Charged with what? “Accessory to murder.” Her mind protested: Not a chance… not yet, anyway. But she saw it was just the culmination of a list. “Aiding and abetting an escaping felon, obstruction of justice, making false statements in a police report.”

Jane closed the newspaper, tossed it to the floor in front of the passenger seat, and started the engine. There was no more time for waiting and watching and looking into the past, trying to gather a pile of evidence that Richard Dahlman was innocent. She was going to have to take a chance on Brian Vaughn.

 

 

Chapter 38

 

 

Charles Langer went out to breakfast, as he often did. When he had still been Brian Vaughn he would not have dared show his face in a spot like the Santa Barbara Biltmore. Now Brian Vaughn’s face didn’t exist, and there was no disadvantage to showing Charles Langer’s. Since he had been in Santa Barbara he had seen four people who had known him when he was Brian Vaughn, and two of them had been at the Biltmore.

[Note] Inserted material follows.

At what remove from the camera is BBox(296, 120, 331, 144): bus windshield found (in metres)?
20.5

The first time, he had been eating lunch at an outdoor table on the patio. He had been staring past the tall cedar tree on the broad front lawn, beyond the shoreward rolling of blue, sluggish Pacific swells, at a squadron of tiny white sails just poised on the horizon so their hulls were invisible and their forward progress was almost impossible to detect. A shadow had unexpectedly fallen across the white linen in front of him, he had looked up, and standing over him was David Rollins.

Langer had become flustered. He had been warned that moments like this might happen someday, but someday had always seemed far away. But Rollins had not said “Brian!” or even “Don’t I know you?” He had said, “Excuse me, but is anyone using these chairs?”